We expect the unique hybrid symbolic and imperative programming functionality offered by Gluon will become prevalent, as users realize the usability benefits without sacrificing performance. Gluon builds on the powerful training and inference engines in MXNet or Cognitive Toolkit. This means that neural networks built in Gluon can take advantage of MXNet’s or Cognitive Toolkit’s distributed training. Thus, a single Gluon training job can be linearly scaled to 500 GPUs or more–dramatically reducing training time. Inference is also highly optimized–allowing models to run on lower performance, lower cost, and more power-efficient hardware. 


The Gluon interface is available now on GitHub for use with MXNet (, and we are actively working for support of an  upcoming release of Cognitive Toolkit.

You can get started with these deep learning frameworks very easily by using the services, tools and infrastructure provided by the Azure platform. The Azure Data Science Virtual Machine provides a ready-to-use environment for AI development and includes Cognitive Toolkit and MXNet support.
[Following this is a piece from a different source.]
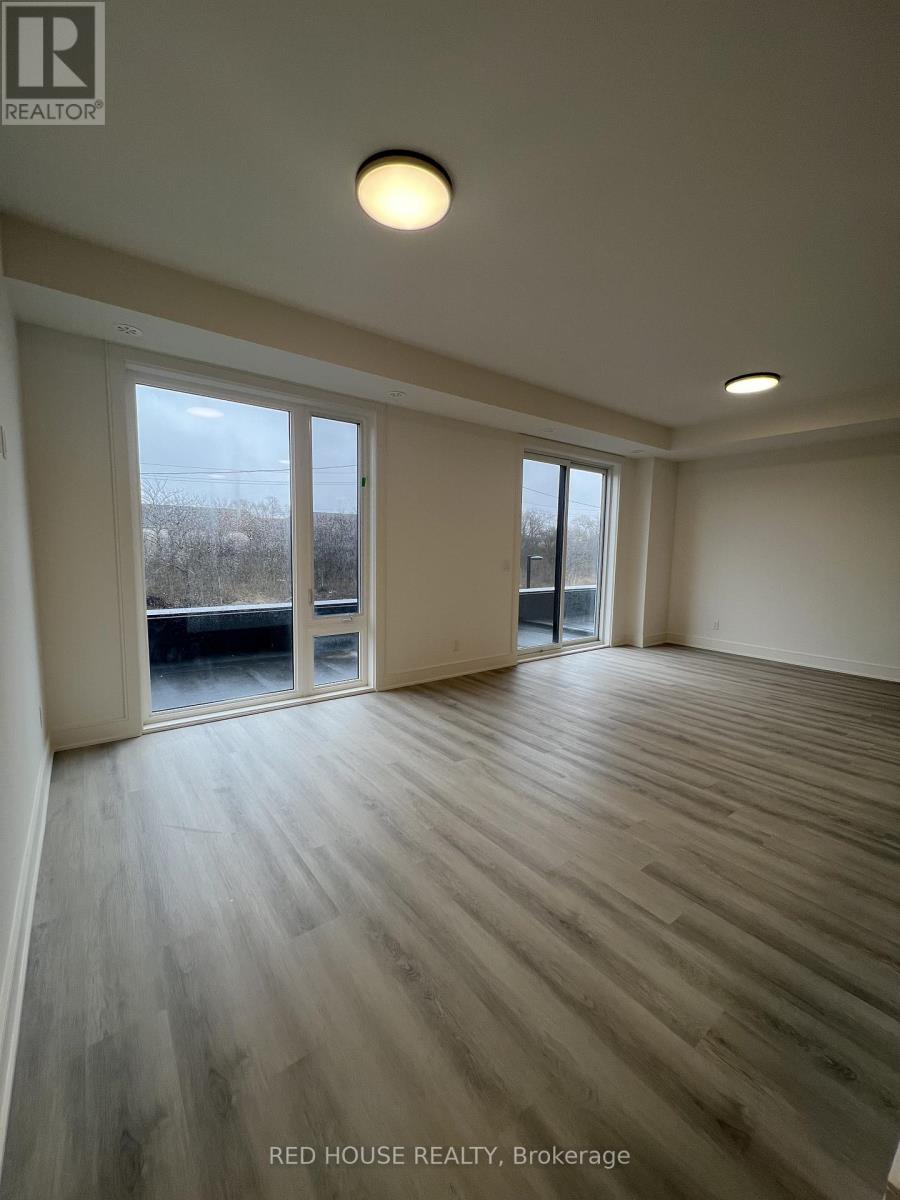 A room with wooden flooring and a large window overlooking a field.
Azure Machine Learning provides high-level services to accelerate your model development and deployment, and tools like Azure Machine Learning Workbench or Visual Studio Code Tools for AI will help you be productive on the model development process on any framework.

When you think about the complexities of today’s machine or deep learning stack—from the APIs to deep learning framework front-ends and runtimes—it requires more education, resources and ultimately patience to get all the way from production to shipping. We believe today’s announcement of a powerful, new open-source interface spanning multiple frameworks combined with a common intermediate representation that can increase interoperability across these frameworks is further validation for growing momentum in the industry. This is another step in fostering an open AI ecosystem to accelerate innovation and democratization of AI—making it more accessible and valuable to all.

With Gluon, developers will be able to deliver new and exciting AI innovations faster by using a higher-level programming model and the tools and platforms they are most comfortable with. This, combined with the Open Neural Network Exchange (ONNX) announcement which enables you to create and save AI models using a standard open format, is another part of creating an open AI ecosystem. We look forward to the amazing AI experiences you will create.